OT2 saw Indiana’s inability to convert their chances both inside and out finally came back to haunt them. Catchings and Zellous both missed jumpers, before yet another possession where the Fever piled up offensive rebounds one after the other but still couldn’t finish. Delle Donne gave Chicago a four-point lead with another of those drives similar to how she scored on Angel McCoughtry in the Dream series – this time making the move quickly enough that Christmas could only swipe at her rather than come right across to block her with the double-team. Zellous responded with a crazy spinning drive that somehow fell in, but a Quigley jumper answered right back. Indiana wasted far too much time in the final moments looking for something to happen, and January eventually drew a foul on an attempted drive. Her free throws pulled Indiana within a point with 12 seconds left, and when Fowles went 1-of-2 at the line the Fever had yet another chance to tie or win the game. The play was designed for Zellous to cut along the baseline to the other side of the rim, a cut that Delle Donne had been very poor at covering throughout the two games in this series. But Catchings’s pass took Zellous wide and away from the basket, turning the attempt into a tough perimeter jumper rather than a layup. Zellous’s three bounced off the iron, time expired, and everyone was headed back to Indiana for a decider on Wednesday night.

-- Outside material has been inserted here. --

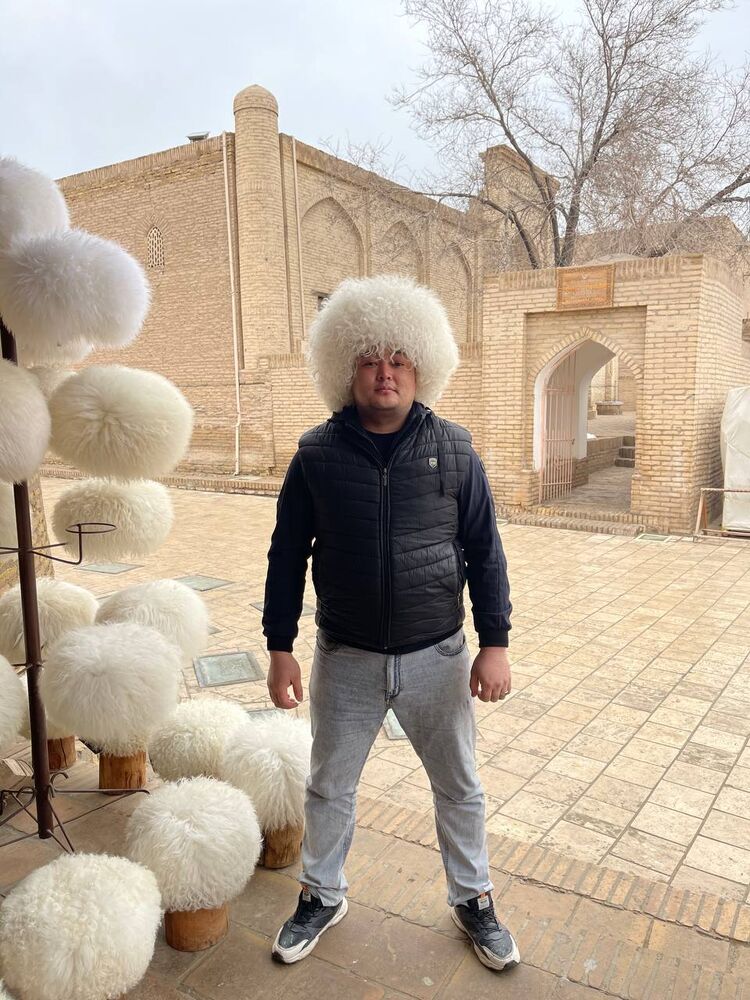  26575682  Edik, 35 ,    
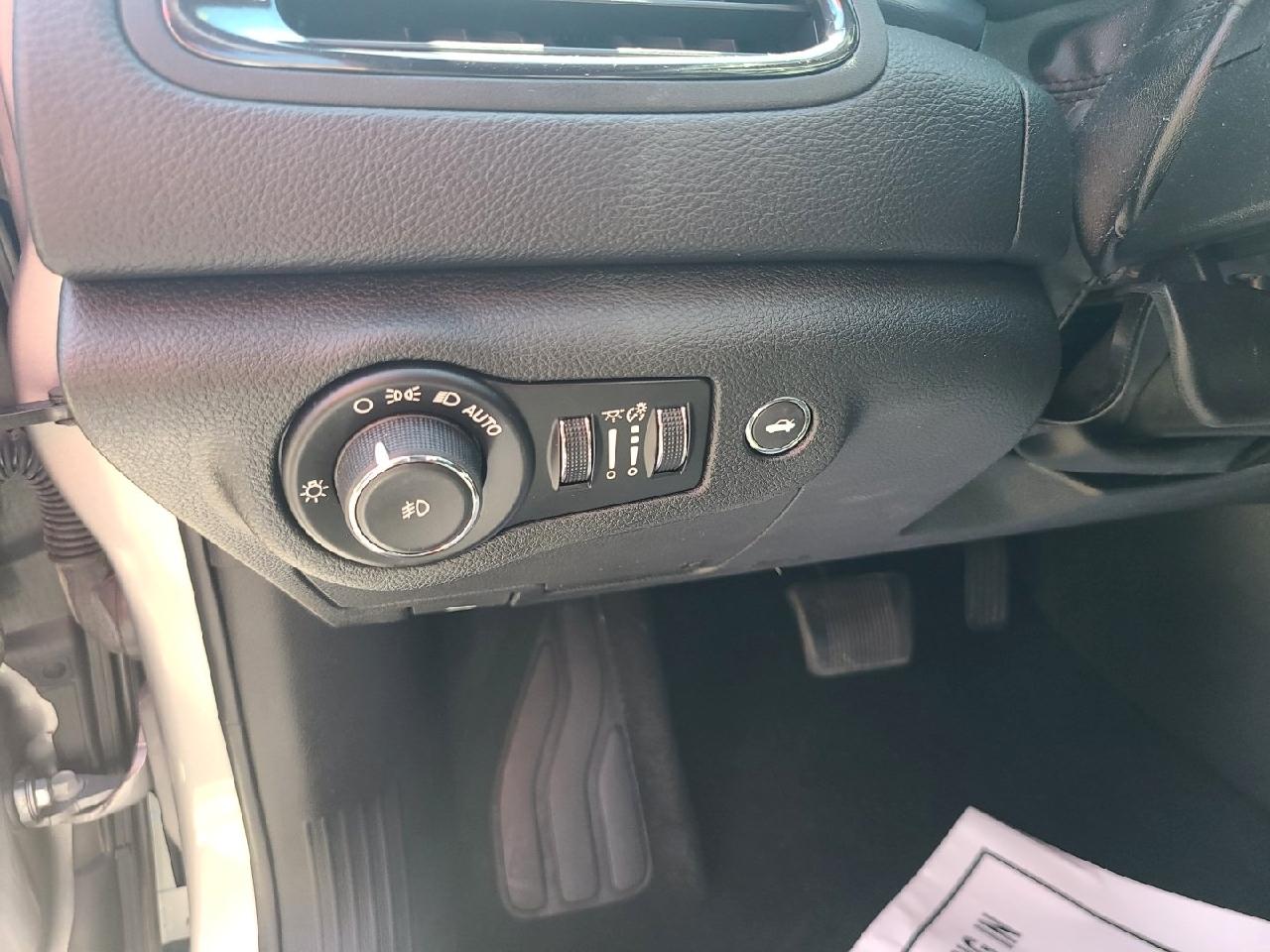 Chrysler 200 4dr Sdn S FWD 2015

Key Players: Fowles was the primary offensive weapon for Chicago, finishing 12-14 for 27 points. The Sky have been outworked on the boards in both the first two games, but it’s hard to blame that on her. She’s giving them everything she’s got, and while she sometimes spins into trouble and turns the ball over due to her complete lack of passing instincts in the paint, she’s finishing a lot more than she’s screwing up. Most of her help came from Quigley and Vandersloot, with Delle Donne playing inconsistent minutes due to the back issue and struggling to produce under all the defensive attention. It’ll be a concern for Chicago that with only one day off before Game 3, her back will probably still be a problem for that vital clash.

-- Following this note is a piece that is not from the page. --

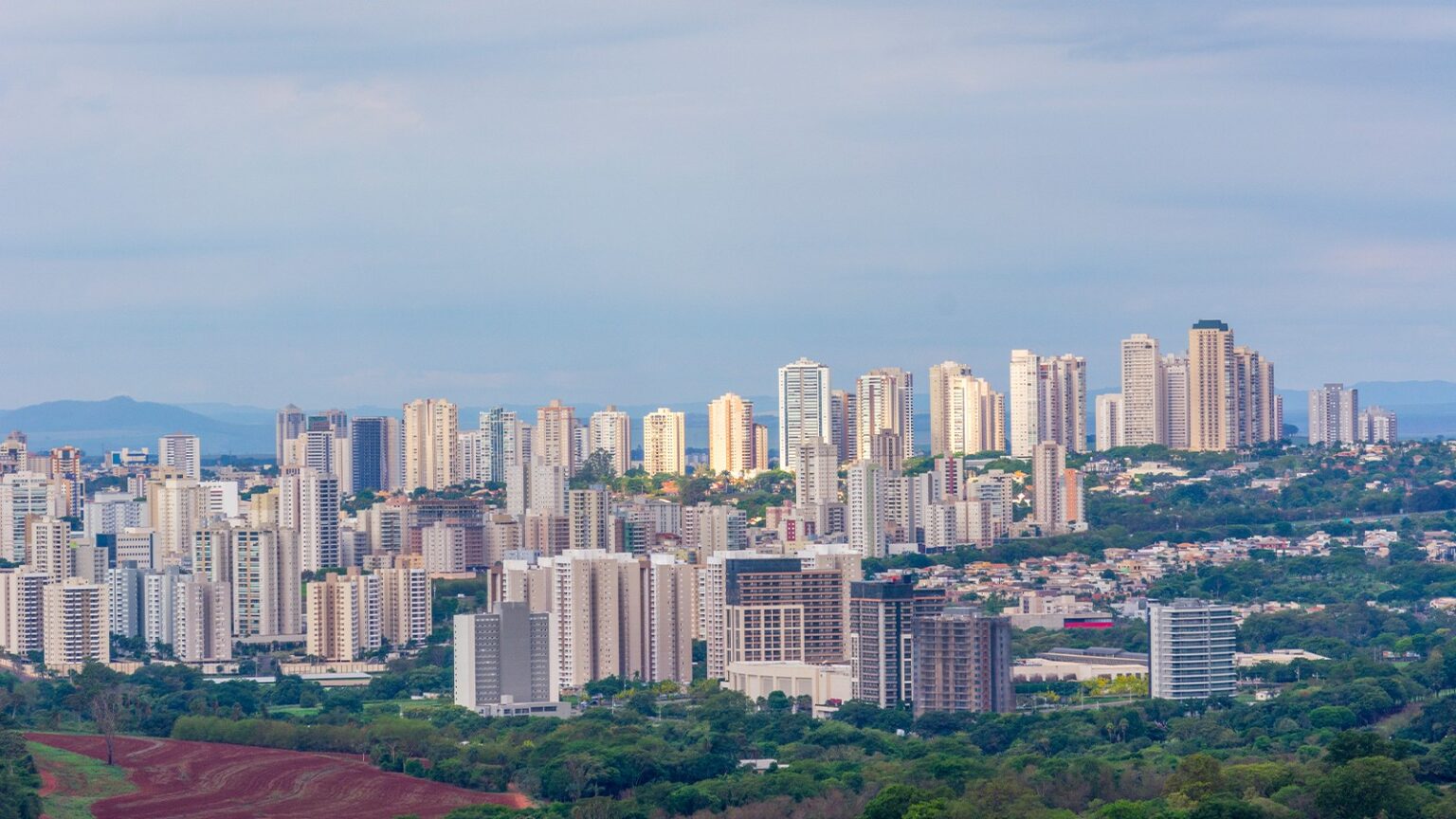 Ribeirão Preto: Desafios e Oportunidades na Atração de Multinacionais Ribeirão Preto: Desafios e Oportunidades na Atração de Multinacionais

Zellous led the scoring for Indiana, but needed 21 shots for her 20 points. The Sky were a little better prepared for her post-ups this time, sending help down to cut off her lanes when Prince or Quigley were in trouble against her. With Catchings taking even more shots and only scoring 16 points, while January was cold outside as well, it was another game where Indiana had to scrap for their points rather than score consistently or in rhythm. And if they’d actually been able to finish inside on their staggering 20 offensive rebounds, they might be home relaxing tonight while waiting to see who’d join them in the Finals from the West. They’ve done enough defensively to win both of these games against Chicago, but hitting shots continues to be an inconsistent affair. If Catchings, Zellous and January are even mildly accurate from outside in Game 3, they’ve got a very good chance of winning. But the Sky have already shown this season that they know how to fight, and how to close a series out on the road.